After Nome detention facility closure, some fear youth sent out of the region won’t return

The Nome Youth Facility. (Photo: Laura Kraegel, KNOM)
The Nome Youth Facility. (Photo: Laura Kraegel, KNOM)

The Nome Youth Facility now sits largely vacant after its funding was cut from the state budget and it ceased its normal operations on July 14. In the roughly two months since then, six youth from Western Alaska have been sentenced to detention elsewhere, leaving the 14 bed facility in Nome to serve as a temporary holding place.

One of those was a Kotzebue-area youth who would have been sentenced to the facility had it still been in operation. When a judge sentences a youth to detention, Juvenile Justice Director Tracy Dompeling says there are a variety of factors that can determine where that sentence is served.

“The first place that they go in detention may not be where they ultimately end up for that longer-term stay,” she said. “We obviously take a look at the needs of the youth; what does the population look like at the other facilities where the youth may be going? And again, we don’t want to overcrowd some of our other detention facilities so we’re taking a look at what space is available throughout the state.”

Dompeling says many court proceedings like hearings, can be done on the phone, minimizing the travel required for detained youth. One of the six juveniles has already been released; two are in Johnson Youth Center in Juneau, and three are at the Mat-Su Youth Facility. In these cases, the youth initially were sent to McLaughlin Youth Center in Anchorage before being reassigned.

But in Nome, the concern is that the region might not ever see those kids again. Earlier this month, the City Council met to discuss plans to reduce recidivism.
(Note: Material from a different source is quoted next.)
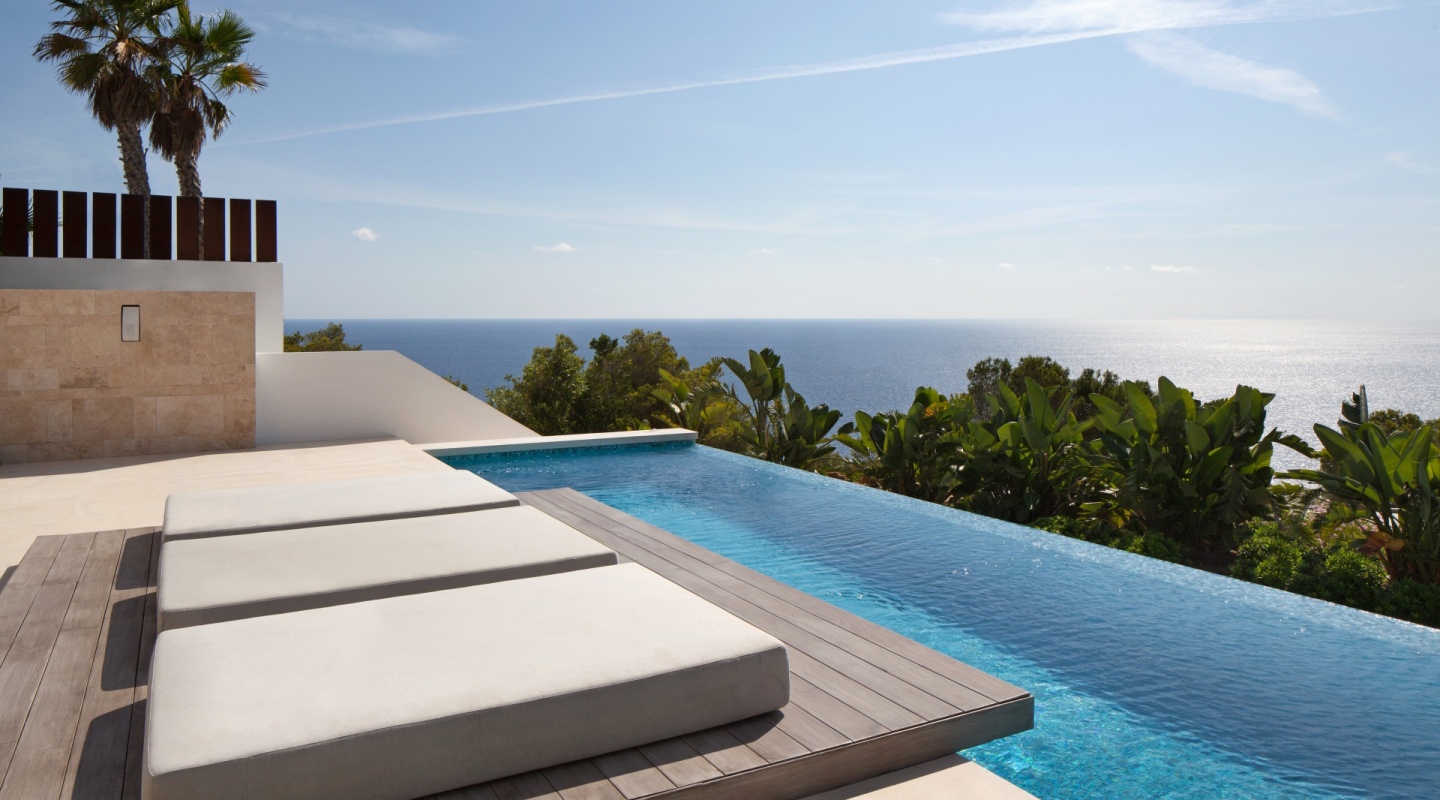 villa in ibiza by saota verzun 3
During that meeting, Behavioral Health Services Director Lance Johnson made a stark observation.

“We’re going to send our kids out of region and we’re going to lose a lot them, especially when they age out,” Johnson said. “It’s unfortunate.”

That large Nome Youth Facility building, Johnson notes, could be used for services that benefit the city like transitional housing or vocational training. But currently only the Nome Juvenile Probation office and its five staff members fill the empty space, after 18 staff positions were eliminated with the closure of the Nome Youth Facility in July.

Gov. Mike Dunleavy estimated $2 million would be saved in the state budget by cutting the facility. Right now, Dompeling says they don’t have any figures compiled for what the state has saved so far.

“I do know as far as a reduction in the personnel cost there is a considerable savings there,” she said.

Dompeling says right now there is no plan for long-term sustainability and whether the team will continue to utilize the old facility or relocate to a new building.